Propagating plants is an inexpensive way to fill out your garden and create new plants using a cold frame. You can also extend your gardening season in spring and fall.
A cold frame acts as a mini-greenhouse constructed of four walls and a movable transparent or semitransparent lid. The walls provide shelter from wind and cold and the transparent lid lets sunlight in. With a cold frame, simply add your rooting medium and then insert the plant cutting to the proper depth.
When planning your cold frame, remember it should be 12-24 inches high in front and 36-48 inches high in back. The slope makes it possible for sunshine and heat to enter.
Make the transparent lid out of old salvaged windows, translucent fiberglass, Plexiglas or plastic sheeting. The size will depend on your individual needs and available space. (Note: If you plan to use an old window for the top, its size will dictate the size of your cold frame, so measure and build accordingly).
To build a 24" x 48" cold frame with a Plexiglas lid:
Use 2x4s for the frames. Cut two pieces to 46 3/4-in long and two pieces to 19 1/2-in long. Screw the pieces together so the ends of the 19 1/2-in pieces are between the 46 3/4-in pieces.
Cut two pieces of 3/4-in plywood 22 1/2-in wide by 24-in tall. Mark the plywood 12-in tall on one end and 24-in tall on the other. Cut the plywood diagonally between the marks. The cut should run at approximately a 45 degree angle. Position the 22 1/2-in edge flush with the bottom of the frame and screw the plywood to the frame. Repeat this step on the other end of the frame.
Cut one piece of 3/4-in plywood 48-in x 24-in. Position the plywood so its bottom edge is flush with the bottom of the frame and its outside edges overlap the plywood end panels.

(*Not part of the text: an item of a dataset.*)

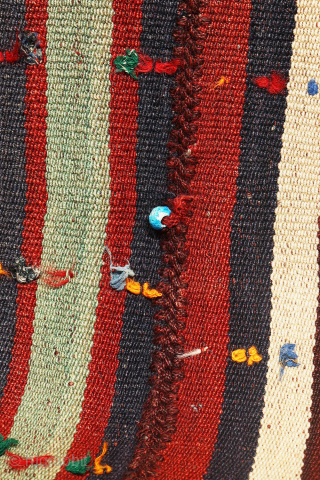 This big Qashqai kilim was woven with finely spun wool, showcasing exceptional craftsmanship. It is a moj (or jajim), a traditional kilim typically used to cover rugs and other textiles. However, this  ...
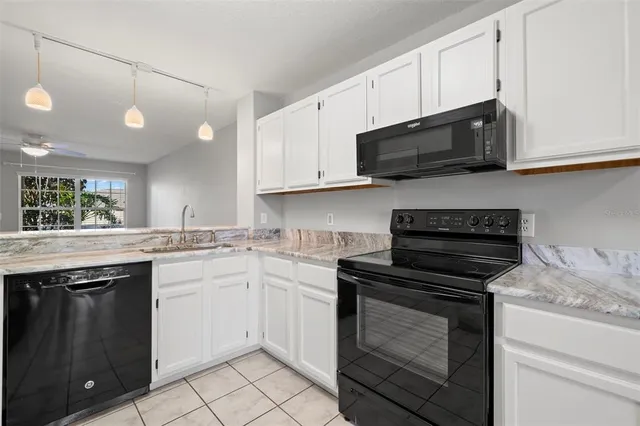 a kitchen with cabinets appliances a sink and a counter top space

Cut another piece of 3/4-in plywood 48-in x 12-in and screw it to the front of the frame the same way you did the back panel.
Screw L-brackets into each corner of the cold frame 1" to 2" down from the top to hold the corners together.
Cut a 2x4 to 48-in long and secure it to the outside of the back panel flush with the top.
Secure hinges to the ends and center of a piece of 48-in x 29-in Plexiglas. Screw the hinges to the 2x4 at the top of the back panel.
Place the box in a shady, well-drained area, fill it with rooting media and add your cuttings.
1. Face the frame south to get the most benefit from winter sunlight.
2. Fill with potting mix and plant seeds directly in the cold frame. If you live in a colder climate, you may prefer to start the seeds indoors and transfer the seedlings. Follow the planting instructions on the seed pack.
3. Raise and lower the lid to different levels as temperatures increase and decrease to "harden off" the seedlings. Remember, although it's called a cold frame, cold may be of less concern than heat. Too much heat from the sun will "cook" the seedlings (even in February), so make sure you do not leave the cover closed too long during the day. If you are really serious, buy a thermometer for your cold frame to monitor high and low temperatures.
4. Cover the frame with a blanket at night to insulate from extreme cold.
5. Smaller cold frames can be moved or disassembled at season's end.
6. Plants in a cold frame require extra attention and can be time consuming, but if you value early flowers, vegetables (and bragging rights), give it a try.